> HOW TO COMPLETE THIS TASK
Restate word for word the lines below from the one that has "(Volkswagen на черном)" through the one that has "MY FIRST BE@RBRICK Strawberry Ver. 1000％_0", keeping both and dropping all pictures.

> AVAILABLE DATA
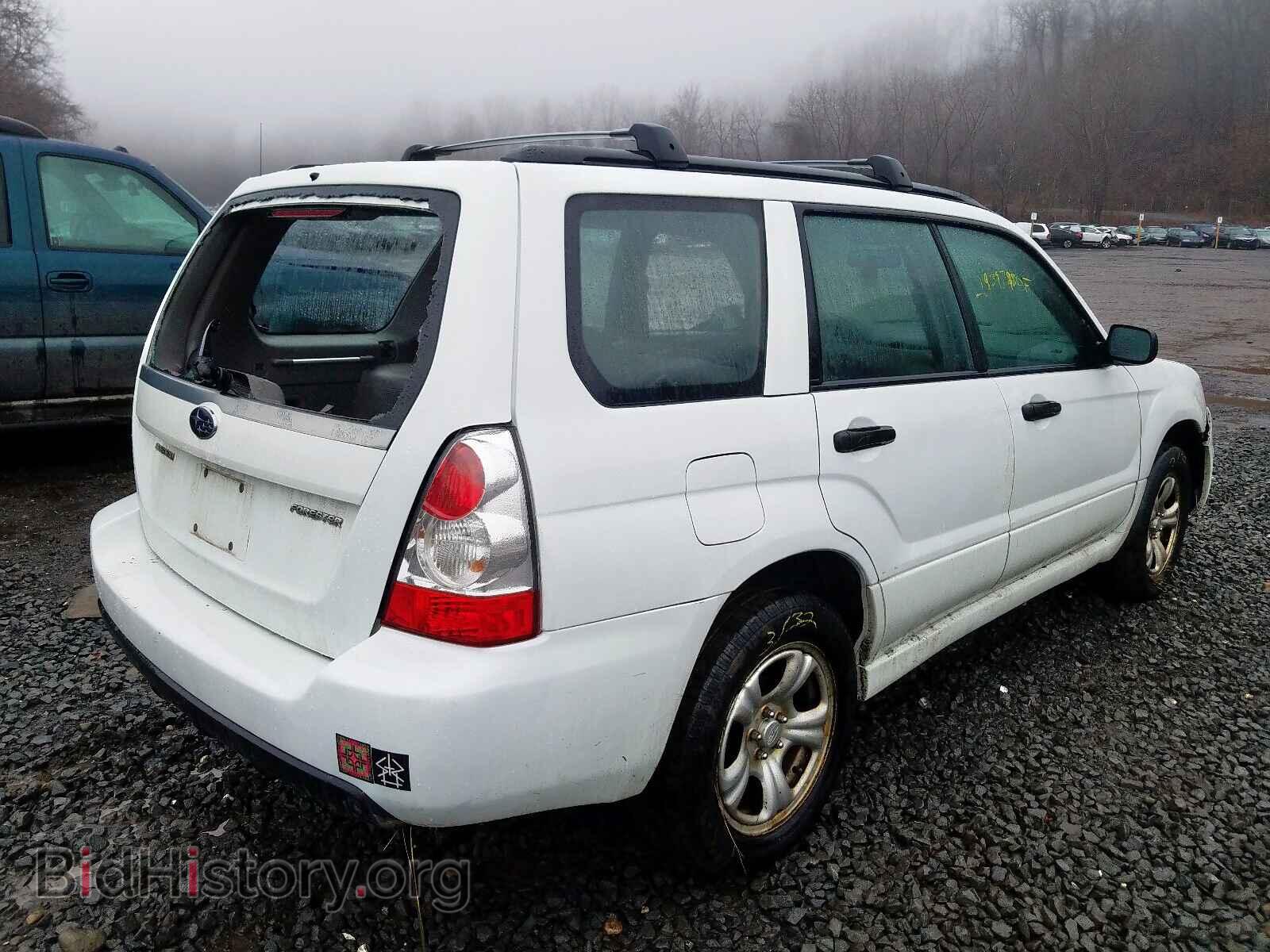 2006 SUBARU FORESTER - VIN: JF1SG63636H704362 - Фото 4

--

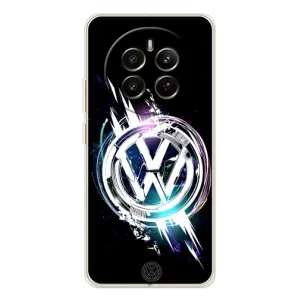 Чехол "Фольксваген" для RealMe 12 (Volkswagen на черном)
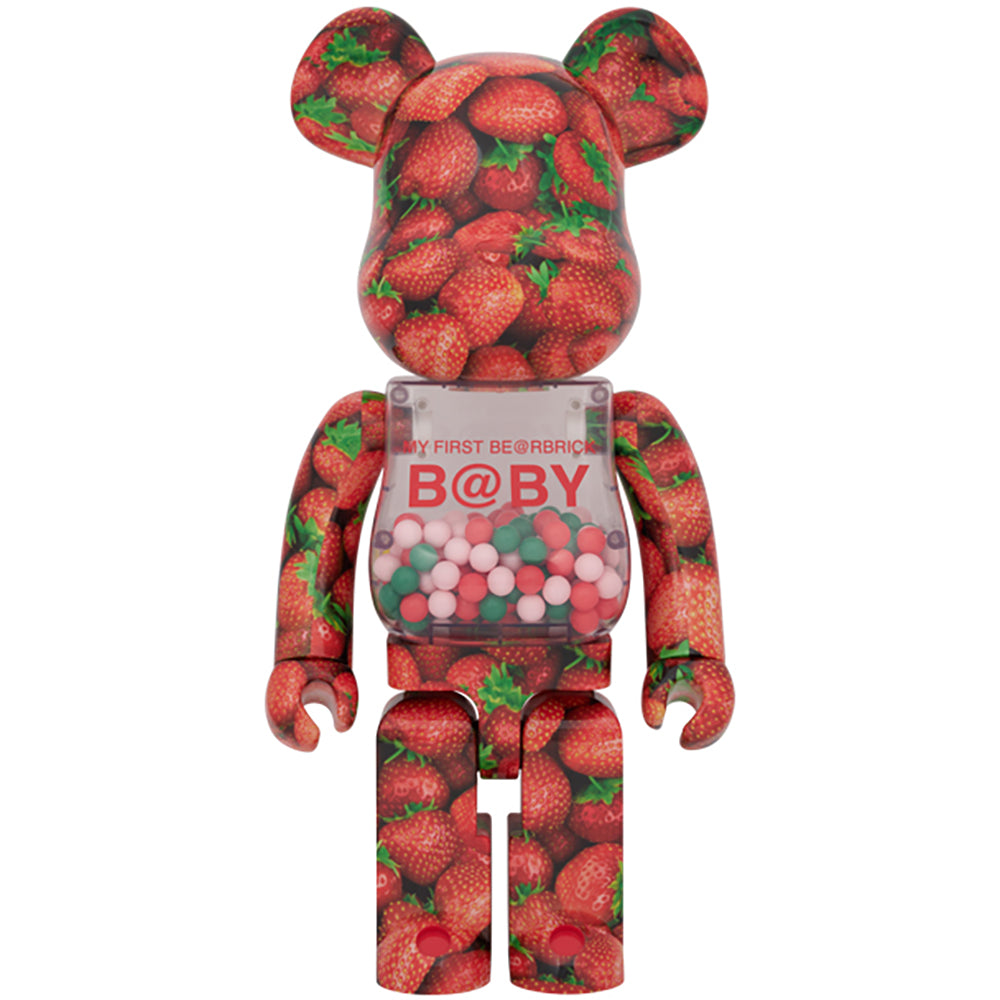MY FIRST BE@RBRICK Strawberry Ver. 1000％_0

> RESULT BELOW
 Чехол "Фольксваген" для RealMe 12 (Volkswagen на черном)
MY FIRST BE@RBRICK Strawberry Ver. 1000％_0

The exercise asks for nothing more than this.